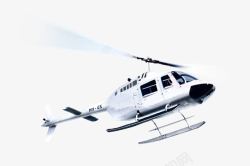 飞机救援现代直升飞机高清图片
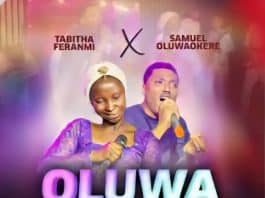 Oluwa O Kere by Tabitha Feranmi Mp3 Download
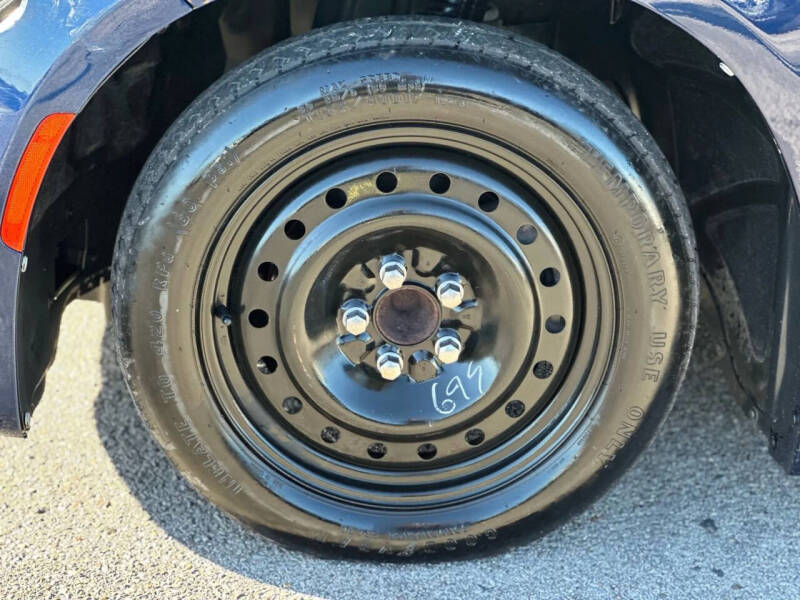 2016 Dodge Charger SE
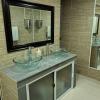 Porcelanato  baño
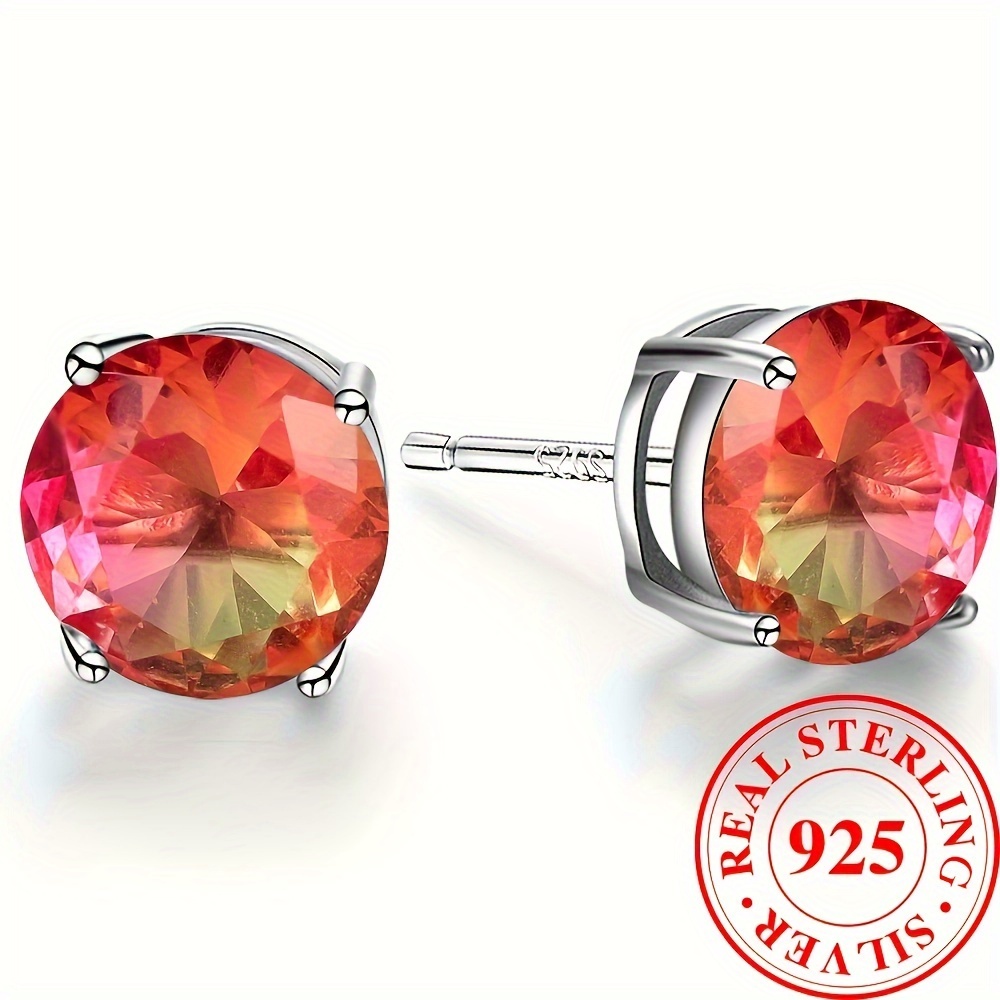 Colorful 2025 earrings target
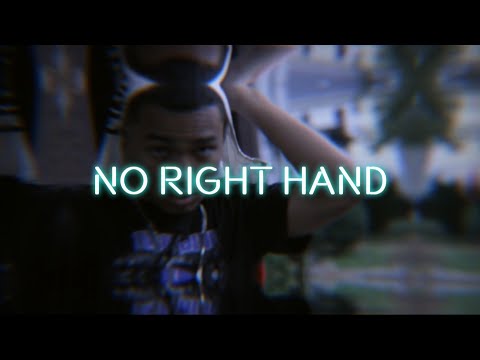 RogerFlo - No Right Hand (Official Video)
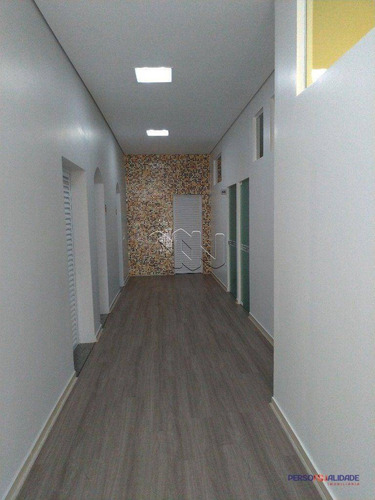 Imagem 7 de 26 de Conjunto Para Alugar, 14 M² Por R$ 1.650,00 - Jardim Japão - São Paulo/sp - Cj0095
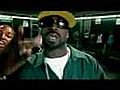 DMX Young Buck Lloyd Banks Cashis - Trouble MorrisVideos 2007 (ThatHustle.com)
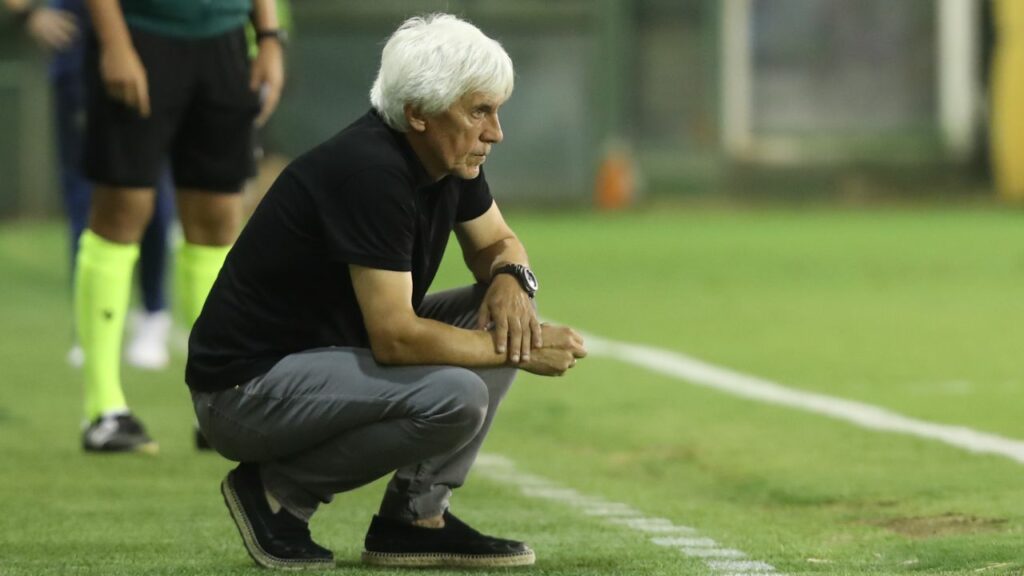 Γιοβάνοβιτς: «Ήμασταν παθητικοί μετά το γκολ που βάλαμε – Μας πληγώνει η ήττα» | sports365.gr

* * *

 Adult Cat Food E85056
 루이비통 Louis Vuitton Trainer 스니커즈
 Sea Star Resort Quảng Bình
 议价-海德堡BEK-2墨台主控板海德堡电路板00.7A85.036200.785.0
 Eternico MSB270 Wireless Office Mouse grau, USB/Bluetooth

--

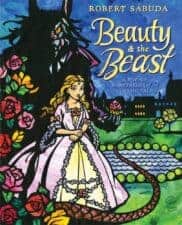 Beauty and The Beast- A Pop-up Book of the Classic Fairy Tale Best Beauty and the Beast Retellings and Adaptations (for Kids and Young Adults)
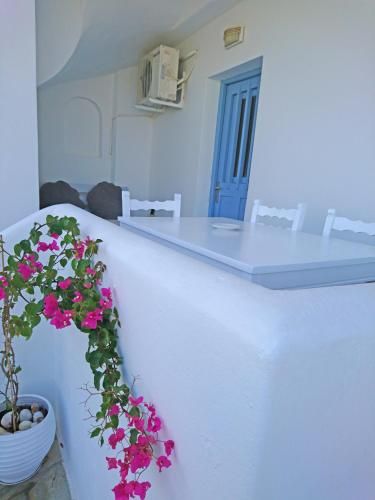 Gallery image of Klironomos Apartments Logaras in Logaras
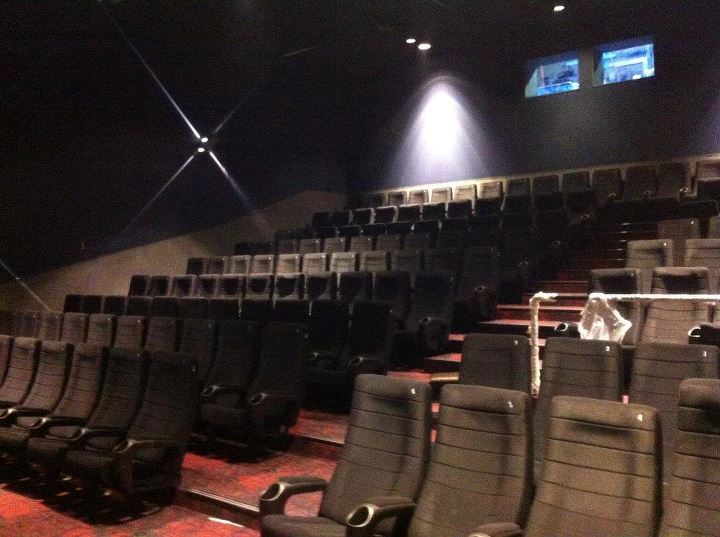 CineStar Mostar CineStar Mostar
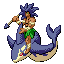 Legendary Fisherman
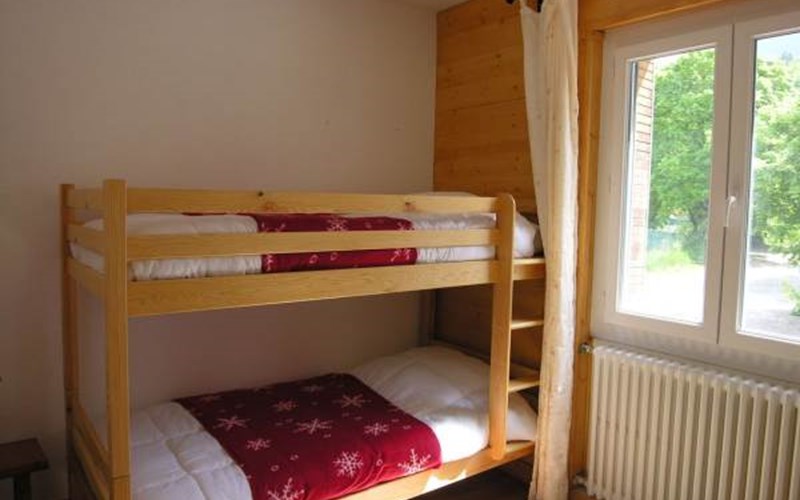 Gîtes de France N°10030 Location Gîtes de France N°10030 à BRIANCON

Exercise details | The exact lines of the material above starting at the one that contains "루이비통 Louis Vuitton Trainer 스니커즈" and ending at the one that contains "Eternico MSB270 Wireless" are what to retype; leave out everything else.

Task result |
 루이비통 Louis Vuitton Trainer 스니커즈
 Sea Star Resort Quảng Bình
 议价-海德堡BEK-2墨台主控板海德堡电路板00.7A85.036200.785.0
 Eternico MSB270 Wireless Office Mouse grau, USB/Bluetooth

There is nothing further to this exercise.